FOMC Minutes Track Long Course to Economic Recovery
President-elect Barack Obama is going to need his track shoes on to hit the ground running when he takes office later this month. The nation’s tortuous economic course is going to test his endurance and stamina as he winds along a very long-winded marathon.
Although this is not breaking news to anyone, minutes released this week of the Federal Open Market Committee’s December meeting show just how bad things have become mixed with a bit of healthy dissention between the Committee members as to how to deal with the crisis. In the end the meeting resulted in a united statement of position with the Fed coming out announcing a “range” for the federal funds rate instead of the usual exact numerical target for the rate.
The minutes describe the many economic indicators that have taken a turn for the worse just in the period since the FOMC’s last meeting in October. There is a glimmer of hope on certain fronts, but overall, the U.S. economy is in dire straits with the real possibility of a “prolonged retraction” for many years looming overhead.
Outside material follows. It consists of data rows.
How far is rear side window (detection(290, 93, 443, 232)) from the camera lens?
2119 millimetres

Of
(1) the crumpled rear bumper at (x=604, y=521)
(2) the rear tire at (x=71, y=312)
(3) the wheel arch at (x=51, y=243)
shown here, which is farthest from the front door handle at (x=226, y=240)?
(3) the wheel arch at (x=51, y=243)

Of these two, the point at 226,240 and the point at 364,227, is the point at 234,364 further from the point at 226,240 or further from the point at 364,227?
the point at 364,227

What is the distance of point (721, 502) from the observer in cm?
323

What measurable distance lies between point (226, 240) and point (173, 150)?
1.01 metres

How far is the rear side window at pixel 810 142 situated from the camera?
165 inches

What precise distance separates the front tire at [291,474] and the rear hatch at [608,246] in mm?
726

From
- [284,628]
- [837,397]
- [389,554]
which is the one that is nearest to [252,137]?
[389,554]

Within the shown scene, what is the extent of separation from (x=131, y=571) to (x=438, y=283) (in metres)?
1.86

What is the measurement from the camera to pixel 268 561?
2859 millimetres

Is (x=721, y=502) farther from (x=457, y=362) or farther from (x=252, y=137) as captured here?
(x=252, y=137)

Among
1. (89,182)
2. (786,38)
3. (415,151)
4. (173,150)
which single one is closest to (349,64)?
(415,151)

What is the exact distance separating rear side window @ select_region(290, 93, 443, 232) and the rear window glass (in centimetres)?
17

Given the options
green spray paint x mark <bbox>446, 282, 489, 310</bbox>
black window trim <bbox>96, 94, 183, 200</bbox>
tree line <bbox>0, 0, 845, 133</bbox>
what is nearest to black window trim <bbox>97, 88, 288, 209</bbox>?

Factors relating directly to real estate continue to be of major concern. Those factors include:
• The housing market weakened again as construction activity, new home sales, and home prices declined further
• Financial markets saw a further pullback in risk-taking
• Output of construction supplies declined
• Whatever real income boost people got from recent lower energy prices was offset somewhat by the negative wealth effects of lower home equity and house prices
• Single-family housing starts and permit issuance declined further in November
One positive factor was the slight ease of financing conditions for prime borrowers thanks to the Fed’s announcement it would purchase agency debt and mortgage-backed securities totaling as much as $600 billion.
An updated forecast prepared for the Committee by staff members revised down its outlook for economic recovery in 2009, with a projected moderate recovery in 2010. Real GDP is expected to fall further than anticipated during the first half of 2009.
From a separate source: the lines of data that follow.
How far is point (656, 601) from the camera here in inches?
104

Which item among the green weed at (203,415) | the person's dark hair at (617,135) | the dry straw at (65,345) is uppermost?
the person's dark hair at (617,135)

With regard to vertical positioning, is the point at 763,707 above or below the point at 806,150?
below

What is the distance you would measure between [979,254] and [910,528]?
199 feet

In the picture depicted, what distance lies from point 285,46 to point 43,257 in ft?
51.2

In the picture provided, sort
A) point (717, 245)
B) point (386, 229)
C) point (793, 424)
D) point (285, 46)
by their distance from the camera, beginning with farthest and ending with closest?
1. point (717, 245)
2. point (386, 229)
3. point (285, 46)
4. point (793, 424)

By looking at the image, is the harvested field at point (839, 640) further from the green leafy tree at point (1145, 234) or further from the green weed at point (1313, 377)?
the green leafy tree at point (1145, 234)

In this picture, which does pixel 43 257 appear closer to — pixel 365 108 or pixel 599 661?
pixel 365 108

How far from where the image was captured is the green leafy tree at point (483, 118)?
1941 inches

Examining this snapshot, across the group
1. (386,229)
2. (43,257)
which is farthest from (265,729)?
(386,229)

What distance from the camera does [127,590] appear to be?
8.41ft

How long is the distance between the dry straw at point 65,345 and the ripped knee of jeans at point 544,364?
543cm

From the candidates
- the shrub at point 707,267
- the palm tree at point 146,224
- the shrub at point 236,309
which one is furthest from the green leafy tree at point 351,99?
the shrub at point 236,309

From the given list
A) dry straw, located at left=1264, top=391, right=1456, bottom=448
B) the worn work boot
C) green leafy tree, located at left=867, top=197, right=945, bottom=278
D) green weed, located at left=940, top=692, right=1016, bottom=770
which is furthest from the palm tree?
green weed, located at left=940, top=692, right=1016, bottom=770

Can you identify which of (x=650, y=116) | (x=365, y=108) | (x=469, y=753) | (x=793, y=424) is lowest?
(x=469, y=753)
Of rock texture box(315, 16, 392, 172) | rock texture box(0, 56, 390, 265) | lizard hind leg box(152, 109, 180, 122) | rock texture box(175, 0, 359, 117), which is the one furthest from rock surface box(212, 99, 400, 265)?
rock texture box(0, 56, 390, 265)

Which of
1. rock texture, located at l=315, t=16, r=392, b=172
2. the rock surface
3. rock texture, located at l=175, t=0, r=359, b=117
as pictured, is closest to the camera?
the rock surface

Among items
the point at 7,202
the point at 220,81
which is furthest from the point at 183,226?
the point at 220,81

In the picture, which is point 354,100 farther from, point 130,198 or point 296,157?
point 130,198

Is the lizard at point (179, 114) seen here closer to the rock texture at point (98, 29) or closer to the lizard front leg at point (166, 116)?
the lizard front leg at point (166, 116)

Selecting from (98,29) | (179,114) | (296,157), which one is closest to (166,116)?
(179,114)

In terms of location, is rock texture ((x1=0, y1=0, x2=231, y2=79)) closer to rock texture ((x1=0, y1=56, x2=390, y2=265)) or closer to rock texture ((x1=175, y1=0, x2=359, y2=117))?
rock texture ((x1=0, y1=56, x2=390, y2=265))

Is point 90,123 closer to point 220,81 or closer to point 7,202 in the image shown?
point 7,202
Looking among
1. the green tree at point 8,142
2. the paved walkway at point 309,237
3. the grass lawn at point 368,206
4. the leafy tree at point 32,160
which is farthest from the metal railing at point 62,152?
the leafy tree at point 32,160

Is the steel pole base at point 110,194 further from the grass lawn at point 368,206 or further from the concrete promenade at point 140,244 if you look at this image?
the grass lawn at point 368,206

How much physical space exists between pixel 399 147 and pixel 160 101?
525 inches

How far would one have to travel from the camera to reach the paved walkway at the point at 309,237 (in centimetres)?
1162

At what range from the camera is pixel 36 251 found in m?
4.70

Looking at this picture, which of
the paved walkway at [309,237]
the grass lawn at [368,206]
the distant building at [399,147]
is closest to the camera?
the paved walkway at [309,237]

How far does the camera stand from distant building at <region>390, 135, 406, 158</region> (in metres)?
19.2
All meeting participants agreed the economic downturn had intensified during the Fall of 2008. Household wealth has dropped sharply as credit conditions tightened up, unemployment increased and consumer confidence waned, causing a sharp contraction in consumer spending.
In summary, it looks like the FOMC members were somewhat taken aback by just how bad things had turned in such a short period of time. Whatever solutions they eventually promulgate will have a long, drawn-out course to post-marathon recovery.
What does all this mean for those looking to the advantages of purchasing or dealing in foreclosure property? Most likely it means there is still quite a way to go before the current foreclosure trend peaks out. Even when home prices bottom out, some forecasters expect the economy to drag along the bottom for a number of months (if not years) before prices recover any of the current lost equity.
It looks like 2009 and 2010 are going to be good years to buy real estate at bargain prices. Time to start doing your homework now and get ready to join the race.